WORK ITEM: Please reproduce verbatim the lines below, from the first through the one with "Vintage Leilian Vintage".

[Recorded data]
□ □ □

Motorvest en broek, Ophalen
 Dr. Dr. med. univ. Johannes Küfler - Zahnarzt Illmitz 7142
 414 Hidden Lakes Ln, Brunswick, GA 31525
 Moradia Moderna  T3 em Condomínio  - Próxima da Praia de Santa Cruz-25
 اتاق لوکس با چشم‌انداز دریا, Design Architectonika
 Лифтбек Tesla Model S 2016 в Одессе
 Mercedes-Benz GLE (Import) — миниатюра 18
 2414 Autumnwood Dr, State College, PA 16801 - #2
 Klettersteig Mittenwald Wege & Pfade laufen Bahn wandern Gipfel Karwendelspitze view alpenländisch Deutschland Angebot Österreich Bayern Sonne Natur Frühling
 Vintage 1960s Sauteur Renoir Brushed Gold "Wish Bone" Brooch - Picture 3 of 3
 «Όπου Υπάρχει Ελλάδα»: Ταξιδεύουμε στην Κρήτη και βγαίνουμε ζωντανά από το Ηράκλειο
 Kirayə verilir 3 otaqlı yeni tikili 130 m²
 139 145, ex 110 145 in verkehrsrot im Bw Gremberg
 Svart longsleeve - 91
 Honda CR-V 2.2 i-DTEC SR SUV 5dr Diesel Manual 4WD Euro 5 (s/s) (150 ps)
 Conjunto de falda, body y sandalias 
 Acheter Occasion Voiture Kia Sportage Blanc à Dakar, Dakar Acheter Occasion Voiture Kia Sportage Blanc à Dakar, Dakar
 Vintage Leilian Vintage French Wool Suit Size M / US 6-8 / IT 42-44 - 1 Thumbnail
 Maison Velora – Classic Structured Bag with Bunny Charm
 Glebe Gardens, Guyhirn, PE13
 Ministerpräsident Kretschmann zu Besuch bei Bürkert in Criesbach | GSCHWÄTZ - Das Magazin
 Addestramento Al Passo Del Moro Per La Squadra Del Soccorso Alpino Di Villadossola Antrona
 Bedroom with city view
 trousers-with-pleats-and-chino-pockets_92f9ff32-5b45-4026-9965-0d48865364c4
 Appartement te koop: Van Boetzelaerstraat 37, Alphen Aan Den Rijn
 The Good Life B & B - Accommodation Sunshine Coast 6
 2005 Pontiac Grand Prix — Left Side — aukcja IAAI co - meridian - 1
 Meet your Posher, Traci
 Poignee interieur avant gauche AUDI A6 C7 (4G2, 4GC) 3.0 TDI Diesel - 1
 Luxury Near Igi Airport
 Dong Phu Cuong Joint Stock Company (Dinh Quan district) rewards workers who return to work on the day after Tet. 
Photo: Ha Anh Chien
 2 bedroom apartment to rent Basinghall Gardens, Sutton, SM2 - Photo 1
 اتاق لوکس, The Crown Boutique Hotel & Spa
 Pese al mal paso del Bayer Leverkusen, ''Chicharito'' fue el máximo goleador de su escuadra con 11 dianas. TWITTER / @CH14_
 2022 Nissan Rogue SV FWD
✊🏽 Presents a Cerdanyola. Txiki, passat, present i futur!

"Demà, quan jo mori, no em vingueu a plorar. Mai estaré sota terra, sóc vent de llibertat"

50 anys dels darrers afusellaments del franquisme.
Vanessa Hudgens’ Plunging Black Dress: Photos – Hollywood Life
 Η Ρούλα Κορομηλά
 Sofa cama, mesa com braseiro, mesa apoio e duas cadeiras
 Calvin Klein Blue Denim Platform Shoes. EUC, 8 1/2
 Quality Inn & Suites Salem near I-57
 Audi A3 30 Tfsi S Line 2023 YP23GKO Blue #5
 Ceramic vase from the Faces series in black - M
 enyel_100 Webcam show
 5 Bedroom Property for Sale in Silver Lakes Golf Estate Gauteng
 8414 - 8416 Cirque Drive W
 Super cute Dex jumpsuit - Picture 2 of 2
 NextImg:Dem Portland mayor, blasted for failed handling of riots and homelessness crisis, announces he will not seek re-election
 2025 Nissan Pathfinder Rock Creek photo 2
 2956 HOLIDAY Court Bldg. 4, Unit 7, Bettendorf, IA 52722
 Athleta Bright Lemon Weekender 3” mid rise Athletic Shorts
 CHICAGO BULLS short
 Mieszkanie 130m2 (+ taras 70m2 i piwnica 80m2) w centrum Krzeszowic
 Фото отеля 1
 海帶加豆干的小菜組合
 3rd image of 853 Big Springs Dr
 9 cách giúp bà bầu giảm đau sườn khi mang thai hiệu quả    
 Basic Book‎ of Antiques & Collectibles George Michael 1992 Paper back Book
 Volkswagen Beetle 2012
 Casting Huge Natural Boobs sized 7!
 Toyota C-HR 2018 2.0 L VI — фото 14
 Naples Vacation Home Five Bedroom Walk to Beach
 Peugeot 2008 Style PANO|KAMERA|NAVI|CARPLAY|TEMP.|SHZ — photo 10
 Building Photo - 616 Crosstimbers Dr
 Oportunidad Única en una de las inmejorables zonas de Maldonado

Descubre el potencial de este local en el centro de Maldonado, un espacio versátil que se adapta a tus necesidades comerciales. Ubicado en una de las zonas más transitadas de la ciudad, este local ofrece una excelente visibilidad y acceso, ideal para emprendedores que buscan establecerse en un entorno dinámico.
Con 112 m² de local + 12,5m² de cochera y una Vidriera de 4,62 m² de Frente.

□ □ □

TASK RESPONSE:
Motorvest en broek, Ophalen
 Dr. Dr. med. univ. Johannes Küfler - Zahnarzt Illmitz 7142
 414 Hidden Lakes Ln, Brunswick, GA 31525
 Moradia Moderna  T3 em Condomínio  - Próxima da Praia de Santa Cruz-25
 اتاق لوکس با چشم‌انداز دریا, Design Architectonika
 Лифтбек Tesla Model S 2016 в Одессе
 Mercedes-Benz GLE (Import) — миниатюра 18
 2414 Autumnwood Dr, State College, PA 16801 - #2
 Klettersteig Mittenwald Wege & Pfade laufen Bahn wandern Gipfel Karwendelspitze view alpenländisch Deutschland Angebot Österreich Bayern Sonne Natur Frühling
 Vintage 1960s Sauteur Renoir Brushed Gold "Wish Bone" Brooch - Picture 3 of 3
 «Όπου Υπάρχει Ελλάδα»: Ταξιδεύουμε στην Κρήτη και βγαίνουμε ζωντανά από το Ηράκλειο
 Kirayə verilir 3 otaqlı yeni tikili 130 m²
 139 145, ex 110 145 in verkehrsrot im Bw Gremberg
 Svart longsleeve - 91
 Honda CR-V 2.2 i-DTEC SR SUV 5dr Diesel Manual 4WD Euro 5 (s/s) (150 ps)
 Conjunto de falda, body y sandalias 
 Acheter Occasion Voiture Kia Sportage Blanc à Dakar, Dakar Acheter Occasion Voiture Kia Sportage Blanc à Dakar, Dakar
 Vintage Leilian Vintage French Wool Suit Size M / US 6-8 / IT 42-44 - 1 Thumbnail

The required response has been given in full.